Many acts have been brought to the attention of legislation as well as passed due to the influence of the Audubon Society. In 1918 the Migratory Bird Treaty act was passed by President Wilson which put in place the protection of migratory birds. In 1964 President Lyndon Johnson passed the Wilderness Act that set aside 9 million acres of protected wilderness. This was a major factor to protect wildlife habitats from the increasing population that threatened such areas. In 1973 the Endangered Species Act was passed by President Nixon. The Endangered Species Act allowed for the conservation of species on the brink of extinction. All these acts passed were a telling of the efforts put forth by the Audubon Society. Without their continuous determination throughout the last 100 years, many of the species we enjoy today would have tragically disappeared from the earth.

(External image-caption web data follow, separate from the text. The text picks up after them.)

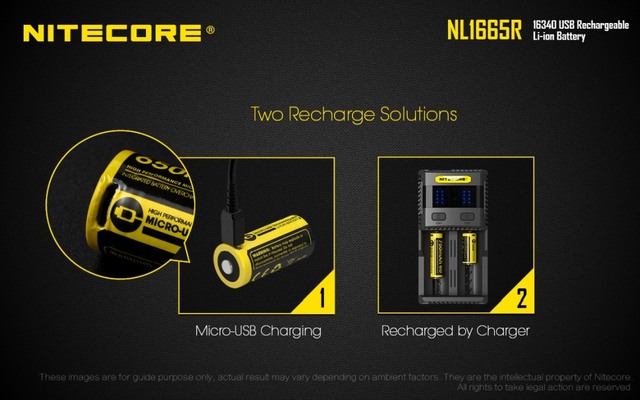 NITECORE NL1665R Rechargeable 16340 Battery 650 mAh - KNIFESTOCK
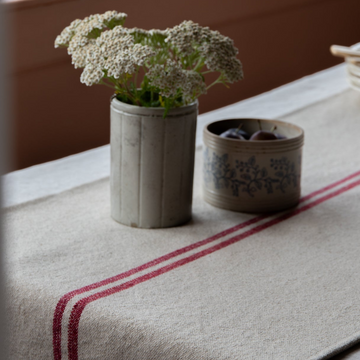 Rustic Red Stripe Grainsack Table Runner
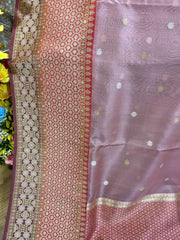 Peach Banarasi Kora Silk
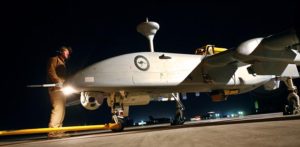 Heron UAV on the flightline at Kandahar. Photo by Brian Hartigan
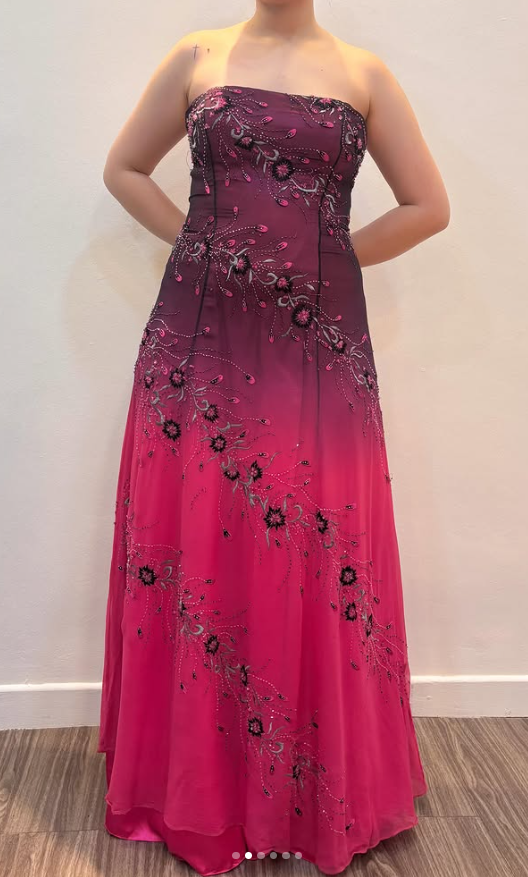 Glamours Hot Pink Prom Dress Sheath Chiffon Beaded Long Evening Dress DP07044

Preservation of animal habitats is not an easy task to accomplish, especially with the ever growing population and destruction of many natural habitats around the world. The Audubon Society recognized the need to rally their efforts into the protection of all animal species. In 1947 the Everglades National Park was established encompassing thousands of miles in the central Florida area. Protecting the Everglades has been a continuous battle for the Audubon. In 1974 the Lillian Annette Rowe Bird Sanctuary was opened in south central Nebraska becoming a home to many migratory birds such as the beautiful Whooping Crane. This sanctuary is actually owned and operated by the National Audubon Society. These are just a few of the victories of the Audubon in establishing habitats for our wildlife to continue on and prosper in; they continue in their fight for wildlife daily.